- Sire: Tandem
- Grandsire: Syphon
- Dam: Termagant
- Damsire: Tantrum
- Sex: Mare
- Foaled: 1786
- Country: Kingdom of Great Britain
- Colour: Bay
- Breeder: William Fitzwilliam, 4th Earl Fitzwilliam
- Owner: William Fitzwilliam, 4th Earl Fitzwilliam
- Trainer: Christopher Scaife
- Record: 13: 5-4-2

Major wins
- St Leger Stakes (1789) Match against Bywell (1790)

= Pewett =

British Thoroughbred racehorse

Pewett (1786 - after 1812) was a British Thoroughbred racehorse and broodmare best known for winning the classic St Leger Stakes in 1789. Her name was spelled in various ways including Pewet, Pewit and Pewitt and would appear to be a reference to the northern lapwing. In a racing career which lasted from May 1789 and May 1792 she won four of her thirteen races. In the St Leger she finished second to a colt named Zanga, but was awarded the race when the winner was disqualified for causing interference. After her retirement from racing she became a successful broodmare whose descendants won many important races throughout the nineteenth and twentieth centuries.

==Background==
Pewett was a bay mare bred by her owner William Fitzwilliam, 4th Earl Fitzwilliam. She was the third of eleven foals produced by Termagant, a mare bred by Lord Rockingham. Her sire Tandem was prevented from racing by injury but proved a reasonably successful stallion when based at Richard Tattersall's stud at Highflyer Hall.

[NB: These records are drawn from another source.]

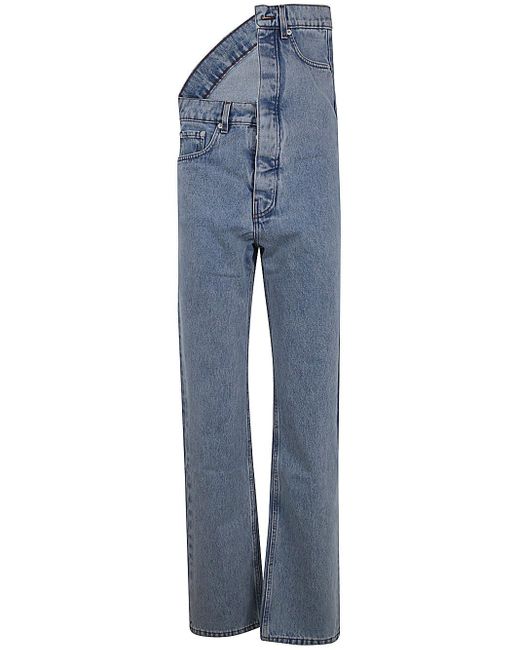 Y. Project Blue Evergreen Asymmetric Waist Jeans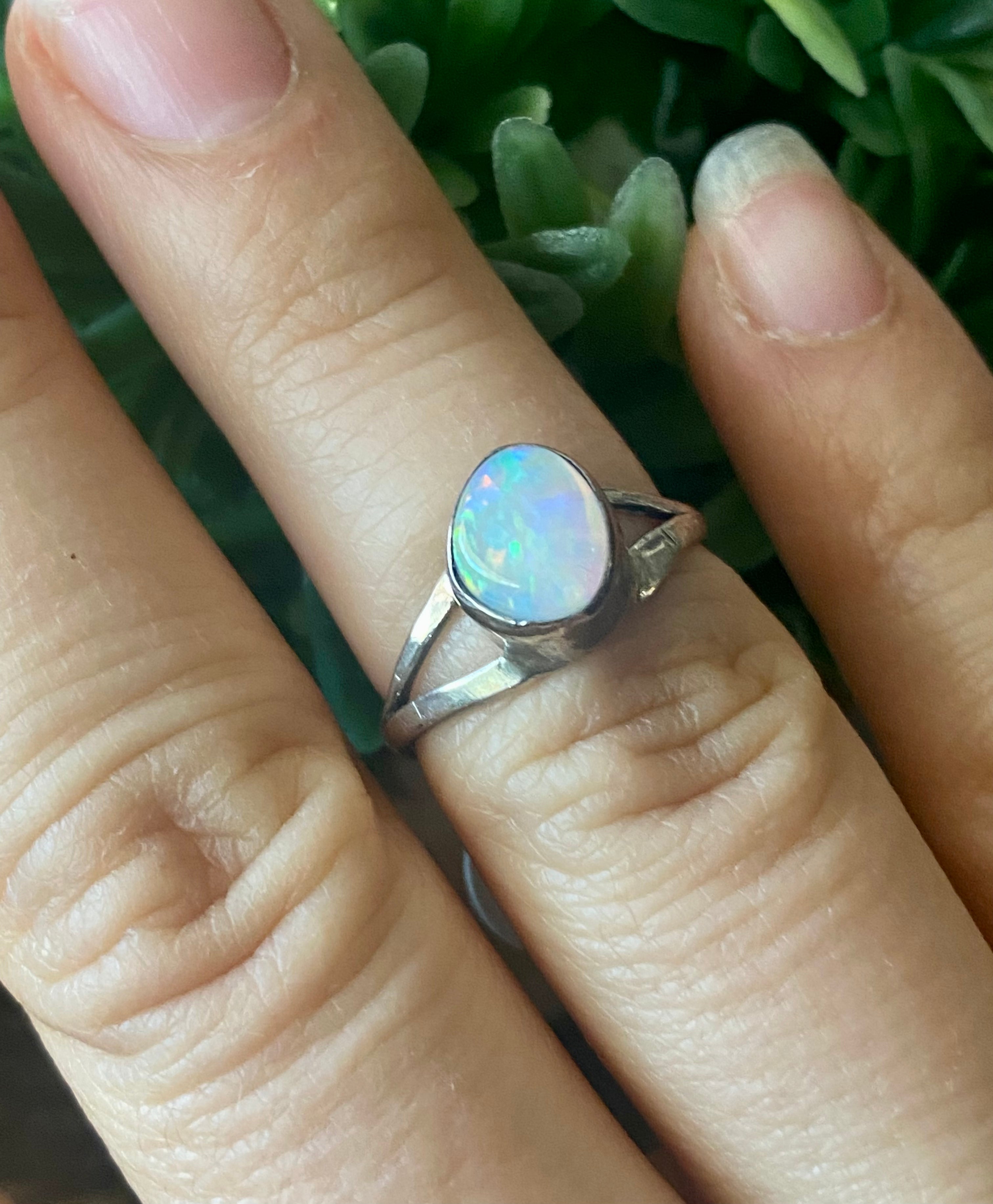 Navajo Made White Opal & Sterling Silver Ring Size 6.5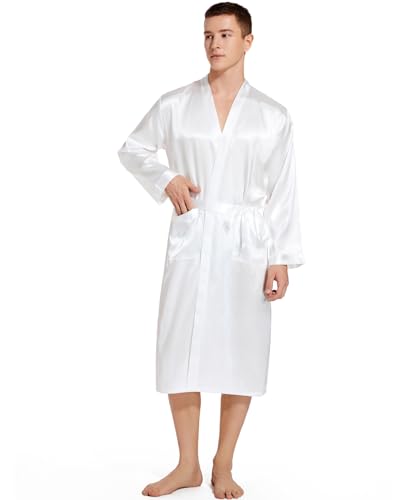 Nanxson Herren Bademantel Satin Morgenmantel V-Ausschnitt Kimono Robe Nachtwäsche mit Bindegürtel (M,Weiß) von Nanxson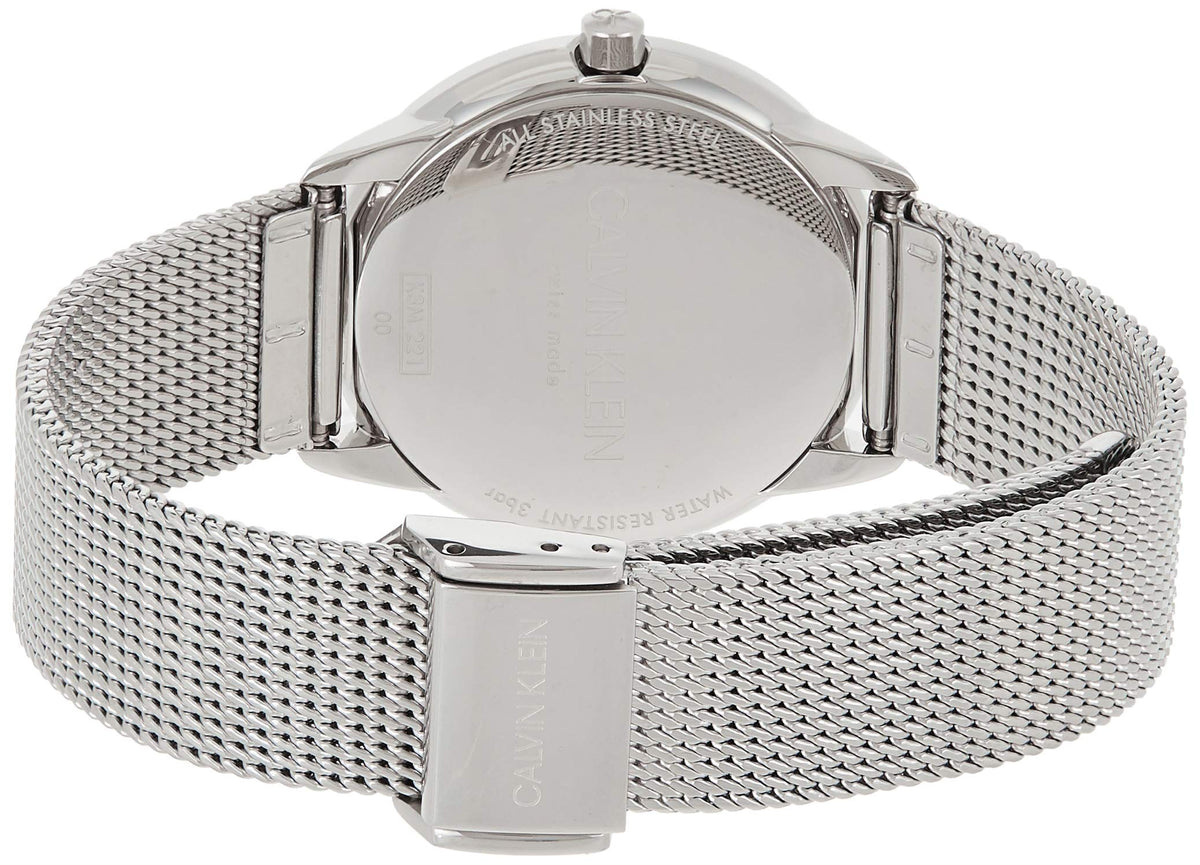  Shop Authentic Calvin Klein Minimal White Dial Silver Mesh Bracelet Watch for Women - K3M2212Y - Luxxuri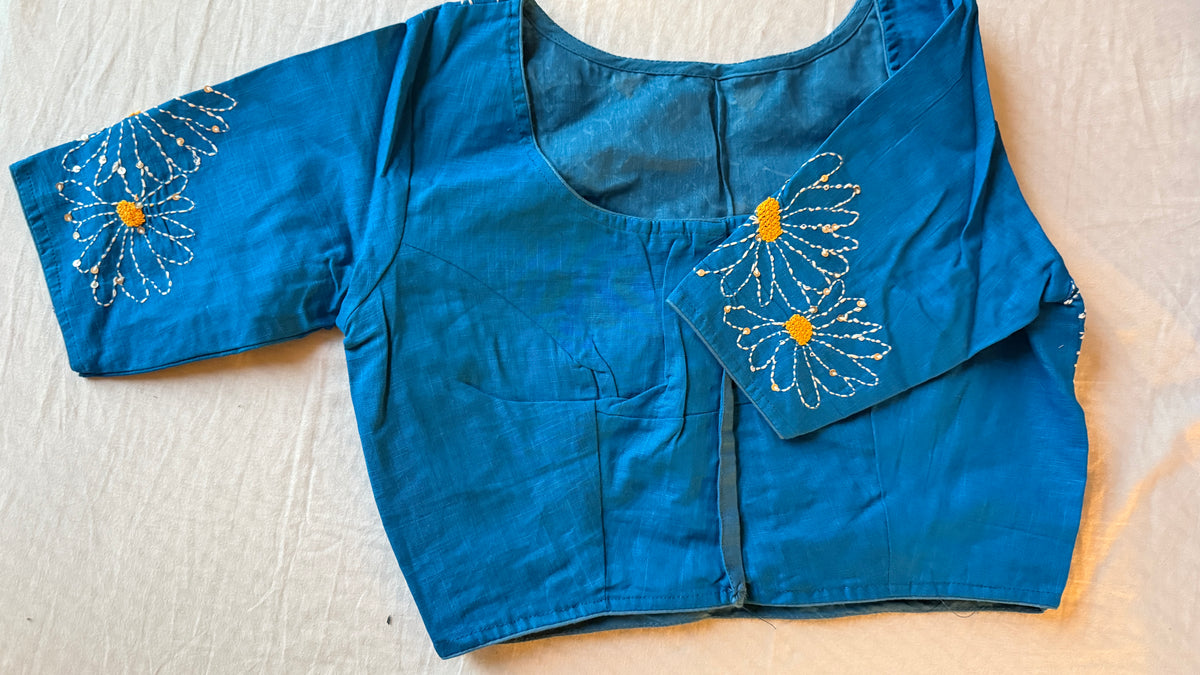 Daisy Embroidered Sky-Blue Blouse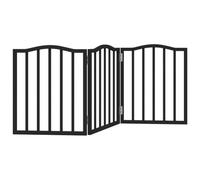 vidaXL Cancello per Cani Pieghevole 3 Pannelli Nero 150cm Legno Pioppo, cancello per animali domestici, cancello di sicurezza per cani, cancello per cuccioli per scale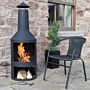 HEAT Chimenea Exterior Larvik con Almacenamiento de Madera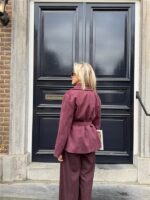 Suedine Blazer Met Riem 24412 Bordeaux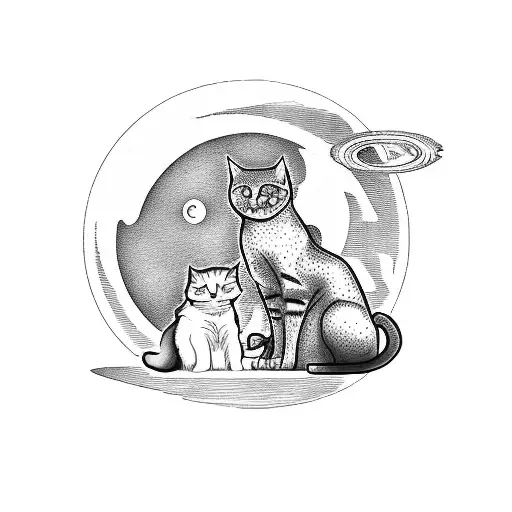 A silhouette of a cat and a dog sitting on a moon, with their tails forming the shape of a guitar tattoo design idea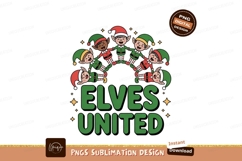 Happy elves circle holding hands christmas holiday Product Image 1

Apart from Pewett, his most notable offspring was The Yellow Filly, winner of the Oaks Stakes in 1786.

==Racing career==

===1789: three-year-old season===
"Pewet" made her racecourse debut on 5 May at Malton when she started favourite for a sweepstakes over one and a half miles and won from the colts Bolus and Telescope. The filly did not reappear until 22 September when she was one of six three-year-olds to contest the St Leger over two miles at Doncaster Racecourse. Ridden by William Wilson she finished second to the Duke of Hamilton's black colt by Laurel (later named Zanga), but was awarded the victory when the judge's decided that the colt's jockey had been guilty of "jostling". On her only other start of the season she returned to Malton on 13 October and finished second to Lord Archibald Hamilton's bay colt by Highflyer (later named Walnut).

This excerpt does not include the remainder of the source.